Jésus a fermement dénoncé l’interprétation rigide du sabbat et l’hypocrisie des pharisiens, mais demeure respectueux du repos sabbatique.

Luc rappelle les paroles de Jésus : « le Fils de l’homme est maître du sabbat » puis rapporte trois épisodes, les épis arrachés, la guérison de la femme courbée, la guérison d’un hydropique, où Jésus nous interpelle :

« Lequel d’entre vous, si son « âne«  ou son « bœuf«  vient à tomber dans un puits ne l’en tirera aussitôt, le jour du sabbat ?».

Luc 14, 5

On imagine fort bien qu’un néophyte chrétien, un païen ignorant la bible, fraîchement converti lors d’un prêche de Luc, ou de l’apôtre Paul, ait retenu ce passage qui l’avait marqué et en ait répandu la légende ; il aurait pu sculpter un âne et un bœuf sur un sarcophage sans connaître l’origine de cette légende ni ce qu’avait pu dire ou ne pas dire le prophète Habacuc ?

Cette phrase de Jésus concernant le respect raisonnable du sabbat, relayée par Luc, est un encouragement au bon sens, en évitant les comportements ridicules et stériles. C’est peut-être l’un des messages les plus profonds de Jésus : une incitation à cultiver notre « Intelligence » et à garder notre « Liberté de jugement ». Jésus en donne lui-même l’exemple.
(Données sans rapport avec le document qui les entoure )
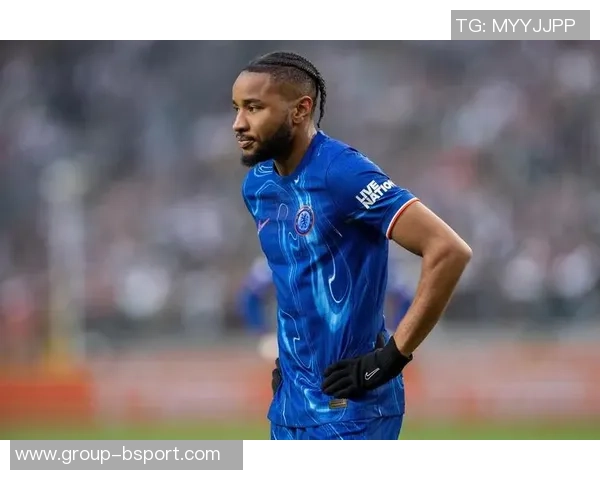 费内巴切全力争取恩昆库但他仍倾向于留在米兰 费内巴切全力争取恩昆库但他仍倾向于留在米兰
Les préceptes dogmatiques contenus dans les Livres Sacrés ne peuvent être contraire à la Raison.

 

Un sarcophage paléochrétien du 4siècle à Arles

Fernand Benoit*, Directeur des Antiquités de Provence, a découvert et étudié les Sarcophages paléochrétiens d’Arles et de Marseille, (1954) : « L’un des sarcophages d’Arles, du 4siècle, un sarcophage à strigiles en marbre de Saint-Béat, est considéré comme le chef-d’œuvre de la sculpture Arlésienne ». Un sculpteur ne peut tout représenter sur un sarcophage car il y a peu de possibilités pour inclure des détails, surtout sur du marbre qui ne s’y prête pas; il doit faire des choix.

« La scène est en deux registres superposés :

Dans le registre du haut : l’Enfant dans son berceau occupe toute la place centrale, la vierge Marie est à gauche, un berger tenant son bâton est à droite, rappel de l’évangile de Luc ; derrière, en deuxième plan, l’âne et le bœuf, encore un rappel de la prédication de Luc, comme nous venons le voir.
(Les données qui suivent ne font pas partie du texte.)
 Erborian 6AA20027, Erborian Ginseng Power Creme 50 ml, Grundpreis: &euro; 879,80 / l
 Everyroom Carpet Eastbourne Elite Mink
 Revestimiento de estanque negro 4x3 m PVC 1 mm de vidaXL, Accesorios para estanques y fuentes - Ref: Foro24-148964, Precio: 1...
Dans le registre du bas : trois mages, au bonnet phrygien, tout guillerets, «…à la vue de l‘astre, ils se réjouirent vivement d’une grande joie… » évangile de Matthieu ; les mages désignent du doigt l’Etoile qui a été reportée au-dessus du registre du haut, au dessus de l’Enfant et de sa Mère ».
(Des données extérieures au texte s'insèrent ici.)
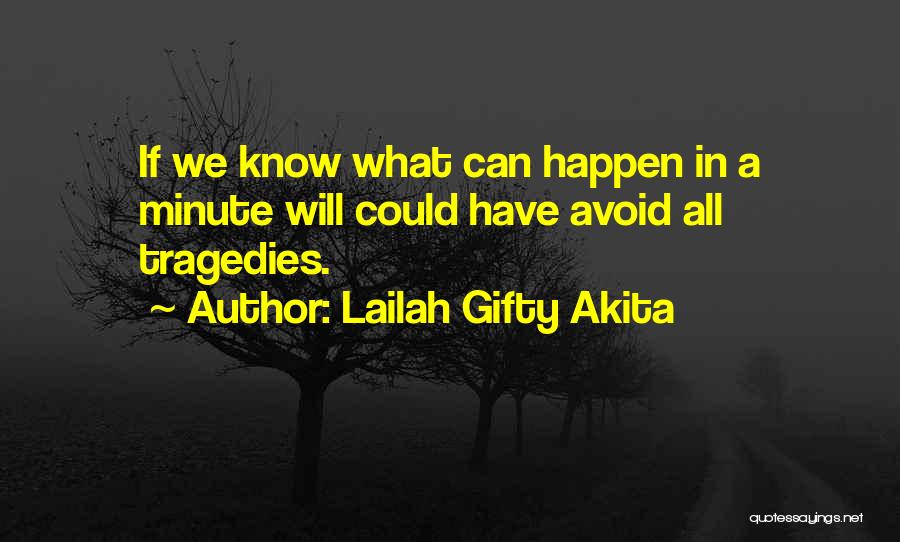 Obstacles Quotes By Lailah Gifty Akita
Sarcophage paléochrétien d’Arles


sarc

 https://artmiens.woerpress.com Bas-relief sarcophage 4é siècle Musée départemental Arles Antique. F. Benoit*, 1954, Sarcophages paléochrétiens d’Arles et de Marseille. J. Guyon*, 2003, La naissance de Jésus dans le premier art Chrétien


Est-ce délibéré de la part du sculpteur ? Luc dans un registre, Matthieu dans l’autre ? Les bergers, premiers arrivés, sont à la place d’honneur près du berceau. Les Mages arrivés plus tard sont dans le registre du bas. Le sculpteur a fait le choix de privilégier l’Etoile, signe d’un Temps Nouveau, plutôt que les présents, l’or, l’encens et la myrrhe.

 

 Les Rois Mages

Dès les premiers siècles le nombre des Mages fut fixé à trois, en raison des trois présents, l’or, l’encens et la myrrhe. Les anglo-saxons les nomment Wise Men, « les Hommes Sages ». Ils sont coiffés du bonnet phrygien ; la Phrygie est située entre la mer Egée et le Pont-Euxin; le bonnet phrygien est devenu le bonnet rouge des révolutionnaires. Sur la mosaïque de Ravenne du 6e siècle les Mages au bonnet phrygien sont nommés Balthazar, Melchior et Gaspar. A l’approche du 10e siècle, on représente les Rois Mages avec une couronne.

Dans la bible, le prophète Daniel, surnommé Baltassar, est le conseiller, qui réussit à interpréter le songe de Nabuchodonosor. Ce rêve se réalise. Une année plus tard Nabuchodonosor meurt. Le nouveau roi, fils de Nabonide, se nomme aussi Balthazar ; il fait aussi appel au prophète Daniel pour résoudre une énigme. Ces noms ont pour origine le dieu Bel de Babylone et Balthazar voudrait dire « Bel protège le roi ».